ST/LL di Shiro Takatani, andato in scena al teatro Politeama di Napoli, raccoglie in sé e fa proprie queste due esigenze artistiche, probabilmente dettate dai tampi, e ci conduce in prossimità di quel gesto, tipico del teatro orientale, che riattiva una mimesi che è imitazione attiva e passiva, ossia quelle facoltà proprie rispettivamente dell’attore e dello spettatore.
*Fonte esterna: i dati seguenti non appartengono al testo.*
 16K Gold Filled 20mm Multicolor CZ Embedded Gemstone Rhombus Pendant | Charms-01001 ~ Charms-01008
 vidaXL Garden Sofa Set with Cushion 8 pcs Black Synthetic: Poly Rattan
Il termine inglese significa silenzioso, immobile, ma cosa più importante, il titolo reca il senso di un’interruzione, ST/LL, con quella barra al posto della i, è soprattutto quella fermata brusca che interrompe ciò che è immobile. È la ferita da cui si genera l’esistenza del tempo, il fermo immagine un attimo prima del big bang dell’anima. E infatti non manca l’elemento primigeneo per eccellenza, l’acqua che è motivo filosofico e scientifico della vita. Gli attori si muovono in connessione reale con la placenta ancestrale, ci sguazzano come se senza di essa nulla fosse possibile. Non c’è storia qui, c’è l’idea di un caos post atomico che ci conduce in un Giappone mescolato d’occidentalità. Dove la quotidianità dell’esistenza è scandita da pranzi, cene, sonni, che si consumano su tavoli dell’Ikea, tra forchette e piatti a buon mercato, i quali si trasformano in bouvette di stazioni metropolitane di un luogo qualsiasi del mondo, dove tutto è scandito da una ripetitività comune, quella di un metronomo, grazie a cui ascoltiamo la musica delle esistenze che scorrono silenziose e identiche accanto alla nostra.
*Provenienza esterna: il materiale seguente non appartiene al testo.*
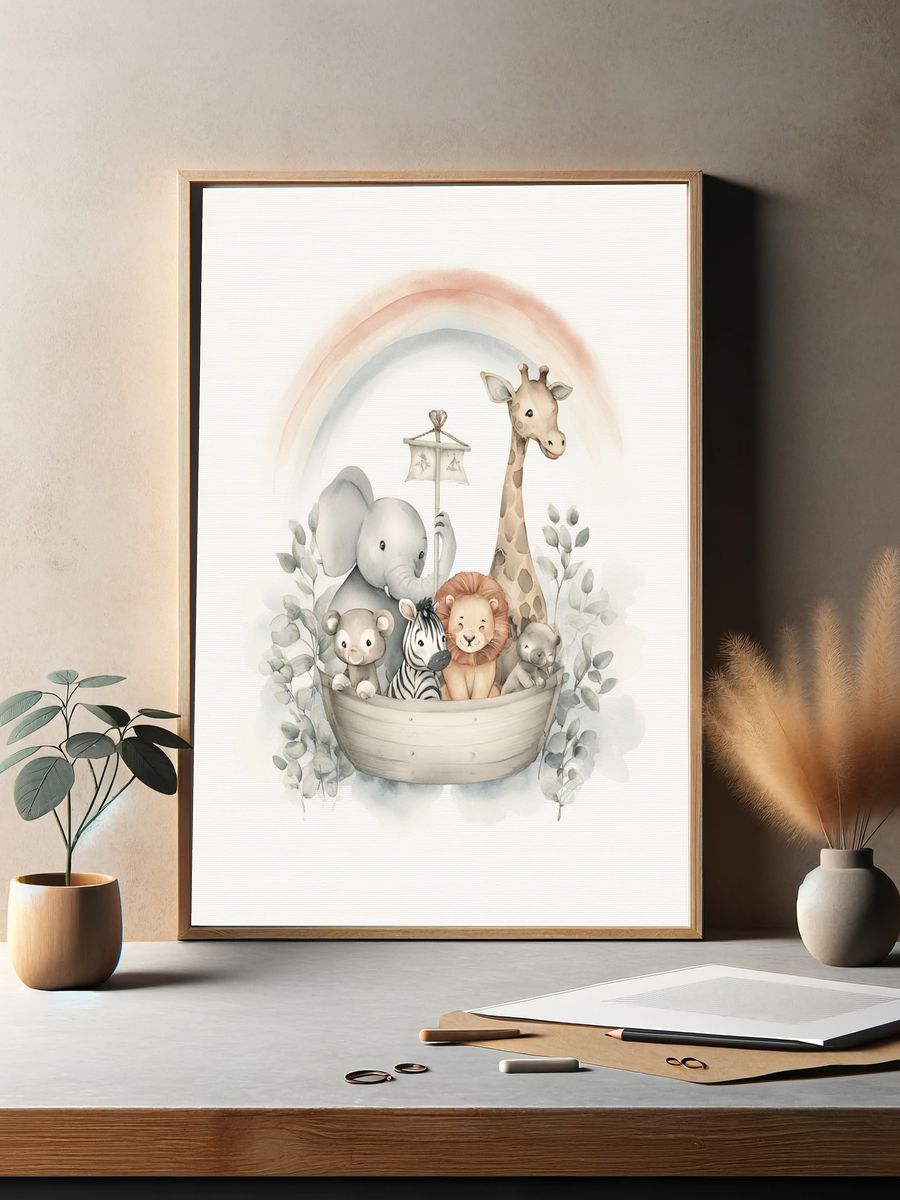 Safari Ark Watercolor Nursery Poster. — room view 2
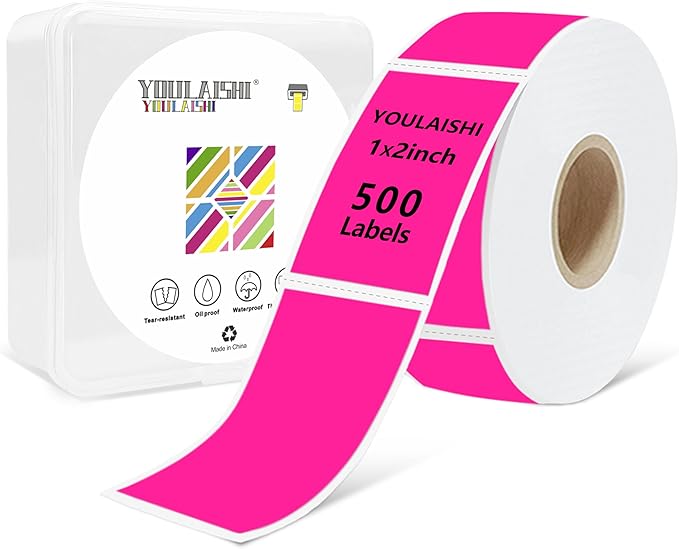 1X2 inch Label Stickers Roll for Thermal Printer 500PCS Colored Removable by YOULAISHI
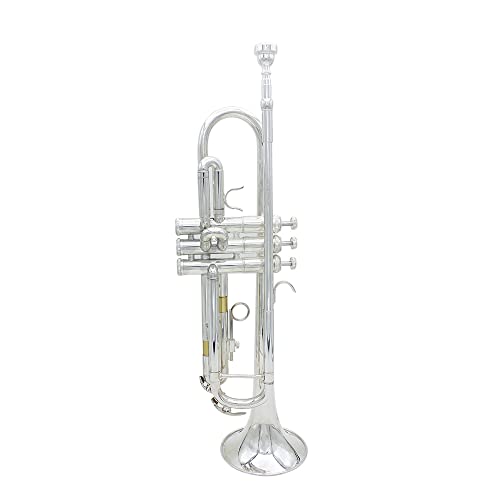 Mingzhe Trompete Bb B plano de latão prateado requintado com escova de limpeza de bocal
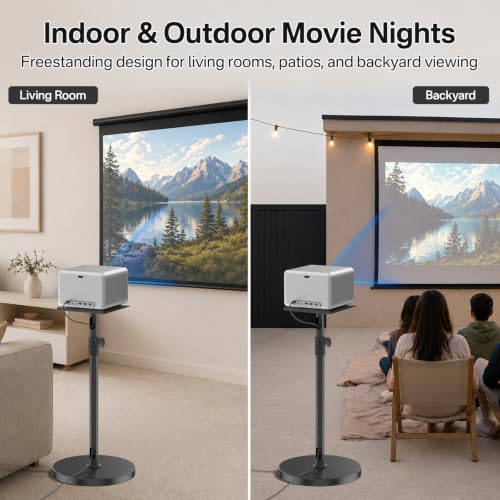 Yibracki Heavy Duty Floor Projector Stand with 8.9 x 9.4 Inch Tray, Height Adjustable 33.5-43.5 Inches, Supports Up to 50Lbs for Home, Office & Outdoor Movies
Ascoltiamo l’eco del vuoto della modernità nel silenzio assoluto, nella sottrazione degli oggetti ai corpi, che però continuano a muoversi sulla scena in modo identico, nell’immagine della pioggia che è un pianto d’occhi che viene giù dall’alto. Tutto è splendidamente visivo, con un rimbalzo continuo dalla scena teatrale allo schermo ipertecnologico e slittamenti di senso continui. L’orchestrazione delle immagini non è sempre comprensibile, ma inchioda lo sguardo, riattiva la facoltà di codificazione dello spettatore e l’immaginazione creativa fa il resto quando siamo lasciati soli in una selva oscura di segni.
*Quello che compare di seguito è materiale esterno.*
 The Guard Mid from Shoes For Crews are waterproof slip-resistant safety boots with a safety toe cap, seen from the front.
I corpi dei quattro attori, Yuko Hirai, Mayu Tsuruta, Misaku Yabuuchi e Olivier Balzarini, si muovono con perfetta sincronia sulla scena, le immagini video si mescolano ad essi fino a farli fluttuare nell’aria; il gioco dei corpi dietro il velatino che si confondono con le proiezioni ci regalano immagini da teatro delle ombre orientale. Mentre le maschere della commedia dell’arte ci portano in prossimità di quel teatro di figura nostrano. Tutto si mescola come un caos di forme belle, dove regina assoluta della scena è però la visione. La parola reca in sé la radice di quel verbo greco che nello spettacolo si declina in tutti i modi possibili: vedere, visto, veduto, visibile, visuale, video. La visione è ciò che per eccellenza fluisce e si oppone perciò a ciò che è immobile.
L’idea è però che all’origine delle forme d’espressione visiva ci sia sempre il corpo con i suoi gesti ad attivare quella facoltà empatica e dunque mimetica che ci coinvolge alla vista dell’immagine. Lo stesso corpo dell’uomo che può fermare il tempo con un click.